--- Given data ---

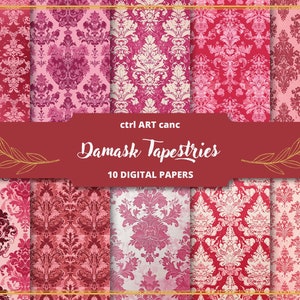 Pink Damask Digital Paper Damask Printable Paper Damask Pattern Damask Background Damask Texture Damask Decor Journal Kit Scrapbook Kit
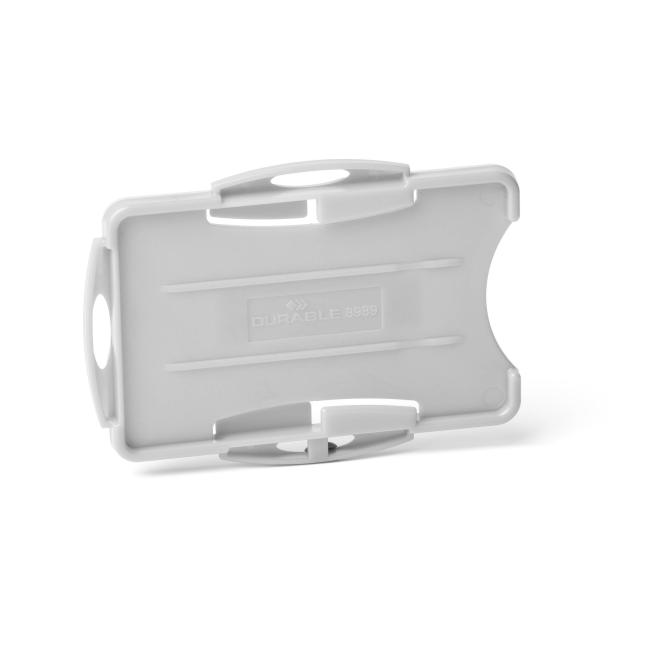 Anhänger für 2 Plastikkarten, offen, strapazierfähig, umweltfreundlich, grau, 87 x 54 mm, 10 Stück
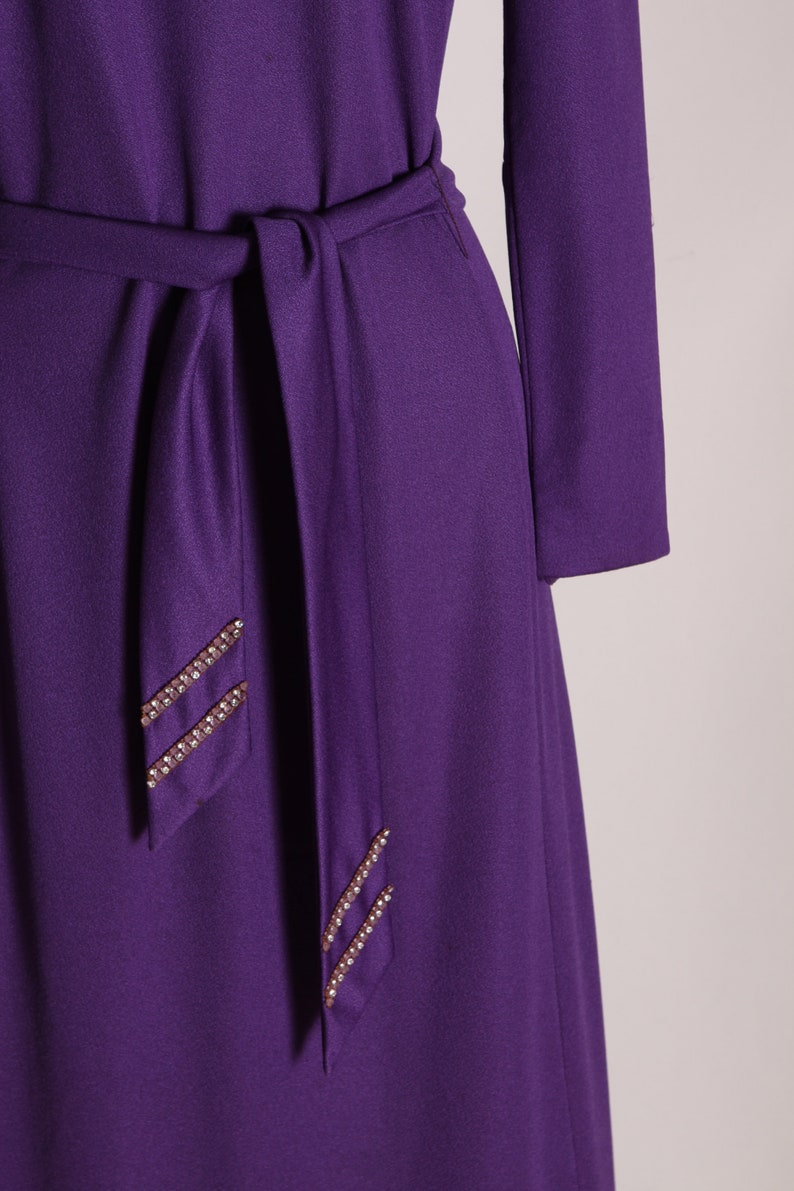 1970s Purple Long Sleeve Ruffle Hem Full Length Rhinestone Belted Dress by Edith Flagg M image 4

---

__Brief__: Would you retype all the lines shown above, exactly as written and without any picture?

__Solution to this problem__:
 Pink Damask Digital Paper Damask Printable Paper Damask Pattern Damask Background Damask Texture Damask Decor Journal Kit Scrapbook Kit
 Anhänger für 2 Plastikkarten, offen, strapazierfähig, umweltfreundlich, grau, 87 x 54 mm, 10 Stück
 1970s Purple Long Sleeve Ruffle Hem Full Length Rhinestone Belted Dress by Edith Flagg M image 4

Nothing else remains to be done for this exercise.